# finally a gopro!!



## talleyman01 (Jul 13, 2011)

ok guys looking for some help on now that i have a gopro hero 2 what do i do now? i see everyone "edits" their video what and how do you do that. Do i have to buy a program or is it something I can do on my computer? I have a brand new laoptop if that makes any difference. Ive gone to the website but it dosent say anything. thanks in advance


----------



## DLB (Oct 8, 2009)

Yes, you will need software. My GoPro came with editing software, or at least the option to download it (can't remember), but I use iMovie for everything I do.


----------



## NMKawierider (Apr 11, 2009)

Yeah like DLB says you need editing software. There are lots out there but you will also need a computer that has the stones to do it. My dual-core laptop works but my new XPS Dell with the i7 processor, upgraded graphics card and memory is a hole other story. I use two different programs depending on the level of editing I want to do. But you decide what's best for you. I would start with a basic editing program and get the basics down first, then go for a more pro-type program later. The easy/cheapy I use is VideoPad. The better one I use is Adobe Premier Elements 10.

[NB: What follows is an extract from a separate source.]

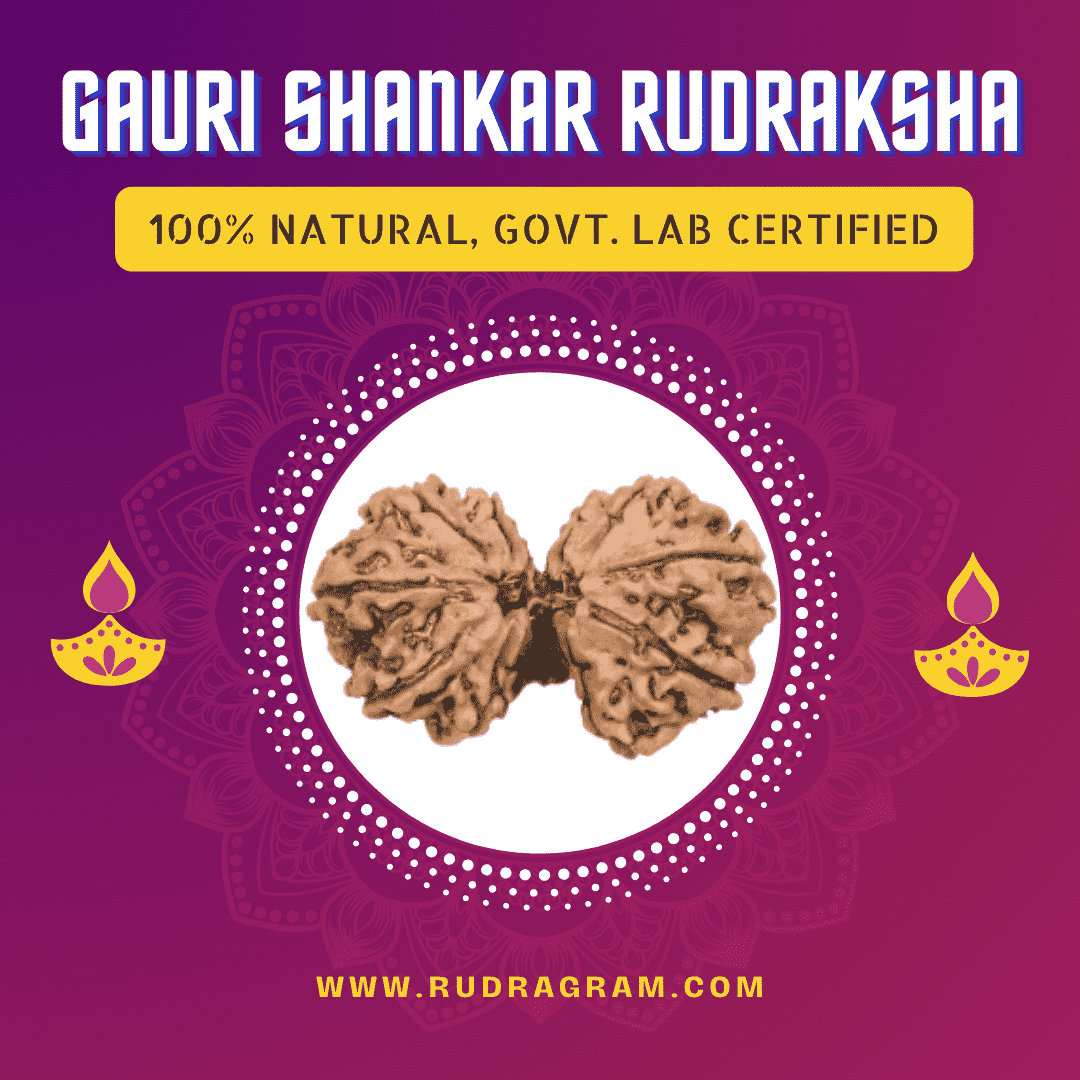 Gauri Shankar Rudraksha with 100% natural, government lab certification for spiritual purposes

There is a thread on best video editing software here. Just do a search.


----------



## adam6604 (Feb 5, 2012)

In my opinion just use your windows movie maker until you get more used to everything. No sense diving in deep with something super confusing. Wmm does all the basics you'll need to get learning.

Sent from my SGH-I747M using Tapatalk 2


----------



## talleyman01 (Jul 13, 2011)

so the windows movie one is that on the computer already or something tobuy?


----------



## Southernmuddjunkie (Mar 27, 2012)

I have been using Pinnacle HD studios. Its a great one to get started with. Its user friendly and produces great video. 

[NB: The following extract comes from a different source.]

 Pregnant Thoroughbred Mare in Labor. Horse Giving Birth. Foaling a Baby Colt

I now have Power Director Ultra 10. This software is more advanced but has a TON of features to go with it!

Like said above if you do purchase a software make SURE you computer is compatiable with it and has the hard drive to run it.


----------



## NMKawierider (Apr 11, 2009)

talleyman01 said:


> so the windows movie one is that on the computer already or something tobuy?


Many come with it. Just look in the programs and see if its there.


----------



## Litenyaup (Aug 28, 2011)

Gopro's web site has a free download I use. Very easy and works well


----------



## walker (Apr 5, 2009)

i want a goppro but the video's ive seen on youtube if you dont have music the sound of the exhuast makes for an annoying video..


----------



## talleyman01 (Jul 13, 2011)

ok s been playng with the gopro and i have a question if im doing something wrong. My battery only lasts about hr and half beforeits dead? is tha normal or do i need to change the settings? thanks


----------